**WORK INSTRUCTIONS:** Repeat every record below, word for word.

**DATA FOR THIS EXERCISE:**
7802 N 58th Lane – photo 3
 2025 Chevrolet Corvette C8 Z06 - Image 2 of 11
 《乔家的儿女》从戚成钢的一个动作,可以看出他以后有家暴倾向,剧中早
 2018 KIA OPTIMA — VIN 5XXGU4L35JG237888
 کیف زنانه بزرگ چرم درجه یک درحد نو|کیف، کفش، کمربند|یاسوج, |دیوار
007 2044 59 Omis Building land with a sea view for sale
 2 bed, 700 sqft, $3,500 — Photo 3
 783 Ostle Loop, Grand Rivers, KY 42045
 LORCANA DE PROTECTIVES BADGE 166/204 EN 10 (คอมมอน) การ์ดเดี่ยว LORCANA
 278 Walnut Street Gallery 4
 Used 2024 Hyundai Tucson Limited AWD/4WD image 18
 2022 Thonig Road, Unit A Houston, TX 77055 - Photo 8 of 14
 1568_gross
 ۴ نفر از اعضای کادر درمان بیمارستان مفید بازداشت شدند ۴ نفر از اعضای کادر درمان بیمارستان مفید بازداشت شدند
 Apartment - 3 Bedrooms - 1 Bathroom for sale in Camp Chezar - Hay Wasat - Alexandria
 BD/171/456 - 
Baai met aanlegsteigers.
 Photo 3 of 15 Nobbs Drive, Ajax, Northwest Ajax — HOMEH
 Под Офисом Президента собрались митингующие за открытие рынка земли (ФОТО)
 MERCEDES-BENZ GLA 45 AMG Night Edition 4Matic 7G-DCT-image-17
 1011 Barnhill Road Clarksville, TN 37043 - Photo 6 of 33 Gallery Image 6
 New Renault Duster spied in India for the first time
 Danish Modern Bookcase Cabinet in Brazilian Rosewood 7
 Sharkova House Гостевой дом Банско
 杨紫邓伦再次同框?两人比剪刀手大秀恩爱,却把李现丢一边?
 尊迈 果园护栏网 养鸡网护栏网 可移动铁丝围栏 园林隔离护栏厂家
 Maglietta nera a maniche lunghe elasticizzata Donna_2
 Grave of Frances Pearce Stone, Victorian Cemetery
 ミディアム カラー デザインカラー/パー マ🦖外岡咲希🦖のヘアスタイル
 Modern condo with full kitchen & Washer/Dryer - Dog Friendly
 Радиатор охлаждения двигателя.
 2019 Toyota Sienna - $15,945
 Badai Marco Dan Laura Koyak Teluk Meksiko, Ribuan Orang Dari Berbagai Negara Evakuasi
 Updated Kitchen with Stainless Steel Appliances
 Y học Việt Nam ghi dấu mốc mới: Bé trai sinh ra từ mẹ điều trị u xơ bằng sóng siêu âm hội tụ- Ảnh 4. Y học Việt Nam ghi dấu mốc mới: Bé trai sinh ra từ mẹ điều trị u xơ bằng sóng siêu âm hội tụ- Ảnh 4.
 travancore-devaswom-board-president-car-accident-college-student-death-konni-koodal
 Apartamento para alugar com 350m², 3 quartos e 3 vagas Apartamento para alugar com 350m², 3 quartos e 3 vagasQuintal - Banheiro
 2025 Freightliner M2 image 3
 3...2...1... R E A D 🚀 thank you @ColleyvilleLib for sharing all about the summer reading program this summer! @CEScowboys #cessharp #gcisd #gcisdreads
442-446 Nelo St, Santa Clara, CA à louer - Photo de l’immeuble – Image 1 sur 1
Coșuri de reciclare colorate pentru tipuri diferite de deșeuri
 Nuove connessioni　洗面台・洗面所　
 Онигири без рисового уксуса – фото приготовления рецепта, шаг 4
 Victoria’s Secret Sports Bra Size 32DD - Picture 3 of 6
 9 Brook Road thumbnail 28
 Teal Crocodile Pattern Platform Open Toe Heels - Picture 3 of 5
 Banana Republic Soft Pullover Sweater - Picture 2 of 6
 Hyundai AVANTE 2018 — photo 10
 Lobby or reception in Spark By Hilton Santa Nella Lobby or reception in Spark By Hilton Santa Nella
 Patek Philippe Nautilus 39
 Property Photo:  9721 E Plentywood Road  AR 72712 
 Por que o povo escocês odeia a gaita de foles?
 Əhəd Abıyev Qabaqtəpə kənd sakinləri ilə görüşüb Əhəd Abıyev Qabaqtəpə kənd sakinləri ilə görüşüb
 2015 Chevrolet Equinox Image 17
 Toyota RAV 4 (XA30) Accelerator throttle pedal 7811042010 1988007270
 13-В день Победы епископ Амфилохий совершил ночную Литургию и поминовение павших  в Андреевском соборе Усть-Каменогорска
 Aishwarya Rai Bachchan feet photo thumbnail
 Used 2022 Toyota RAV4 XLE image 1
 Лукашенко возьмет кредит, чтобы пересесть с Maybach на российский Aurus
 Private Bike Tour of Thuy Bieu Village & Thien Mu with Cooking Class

**RESPONSE TO THE TASK:**
7802 N 58th Lane – photo 3
 2025 Chevrolet Corvette C8 Z06 - Image 2 of 11
 《乔家的儿女》从戚成钢的一个动作,可以看出他以后有家暴倾向,剧中早
 2018 KIA OPTIMA — VIN 5XXGU4L35JG237888
 کیف زنانه بزرگ چرم درجه یک درحد نو|کیف، کفش، کمربند|یاسوج, |دیوار
007 2044 59 Omis Building land with a sea view for sale
 2 bed, 700 sqft, $3,500 — Photo 3
 783 Ostle Loop, Grand Rivers, KY 42045
 LORCANA DE PROTECTIVES BADGE 166/204 EN 10 (คอมมอน) การ์ดเดี่ยว LORCANA
 278 Walnut Street Gallery 4
 Used 2024 Hyundai Tucson Limited AWD/4WD image 18
 2022 Thonig Road, Unit A Houston, TX 77055 - Photo 8 of 14
 1568_gross
 ۴ نفر از اعضای کادر درمان بیمارستان مفید بازداشت شدند ۴ نفر از اعضای کادر درمان بیمارستان مفید بازداشت شدند
 Apartment - 3 Bedrooms - 1 Bathroom for sale in Camp Chezar - Hay Wasat - Alexandria
 BD/171/456 - 
Baai met aanlegsteigers.
 Photo 3 of 15 Nobbs Drive, Ajax, Northwest Ajax — HOMEH
 Под Офисом Президента собрались митингующие за открытие рынка земли (ФОТО)
 MERCEDES-BENZ GLA 45 AMG Night Edition 4Matic 7G-DCT-image-17
 1011 Barnhill Road Clarksville, TN 37043 - Photo 6 of 33 Gallery Image 6
 New Renault Duster spied in India for the first time
 Danish Modern Bookcase Cabinet in Brazilian Rosewood 7
 Sharkova House Гостевой дом Банско
 杨紫邓伦再次同框?两人比剪刀手大秀恩爱,却把李现丢一边?
 尊迈 果园护栏网 养鸡网护栏网 可移动铁丝围栏 园林隔离护栏厂家
 Maglietta nera a maniche lunghe elasticizzata Donna_2
 Grave of Frances Pearce Stone, Victorian Cemetery
 ミディアム カラー デザインカラー/パー マ🦖外岡咲希🦖のヘアスタイル
 Modern condo with full kitchen & Washer/Dryer - Dog Friendly
 Радиатор охлаждения двигателя.
 2019 Toyota Sienna - $15,945
 Badai Marco Dan Laura Koyak Teluk Meksiko, Ribuan Orang Dari Berbagai Negara Evakuasi
 Updated Kitchen with Stainless Steel Appliances
 Y học Việt Nam ghi dấu mốc mới: Bé trai sinh ra từ mẹ điều trị u xơ bằng sóng siêu âm hội tụ- Ảnh 4. Y học Việt Nam ghi dấu mốc mới: Bé trai sinh ra từ mẹ điều trị u xơ bằng sóng siêu âm hội tụ- Ảnh 4.
 travancore-devaswom-board-president-car-accident-college-student-death-konni-koodal
 Apartamento para alugar com 350m², 3 quartos e 3 vagas Apartamento para alugar com 350m², 3 quartos e 3 vagasQuintal - Banheiro
 2025 Freightliner M2 image 3
 3...2...1... R E A D 🚀 thank you @ColleyvilleLib for sharing all about the summer reading program this summer! @CEScowboys #cessharp #gcisd #gcisdreads
442-446 Nelo St, Santa Clara, CA à louer - Photo de l’immeuble – Image 1 sur 1
Coșuri de reciclare colorate pentru tipuri diferite de deșeuri
 Nuove connessioni　洗面台・洗面所　
 Онигири без рисового уксуса – фото приготовления рецепта, шаг 4
 Victoria’s Secret Sports Bra Size 32DD - Picture 3 of 6
 9 Brook Road thumbnail 28
 Teal Crocodile Pattern Platform Open Toe Heels - Picture 3 of 5
 Banana Republic Soft Pullover Sweater - Picture 2 of 6
 Hyundai AVANTE 2018 — photo 10
 Lobby or reception in Spark By Hilton Santa Nella Lobby or reception in Spark By Hilton Santa Nella
 Patek Philippe Nautilus 39
 Property Photo:  9721 E Plentywood Road  AR 72712 
 Por que o povo escocês odeia a gaita de foles?
 Əhəd Abıyev Qabaqtəpə kənd sakinləri ilə görüşüb Əhəd Abıyev Qabaqtəpə kənd sakinləri ilə görüşüb
 2015 Chevrolet Equinox Image 17
 Toyota RAV 4 (XA30) Accelerator throttle pedal 7811042010 1988007270
 13-В день Победы епископ Амфилохий совершил ночную Литургию и поминовение павших  в Андреевском соборе Усть-Каменогорска
 Aishwarya Rai Bachchan feet photo thumbnail
 Used 2022 Toyota RAV4 XLE image 1
 Лукашенко возьмет кредит, чтобы пересесть с Maybach на российский Aurus
 Private Bike Tour of Thuy Bieu Village & Thien Mu with Cooking Class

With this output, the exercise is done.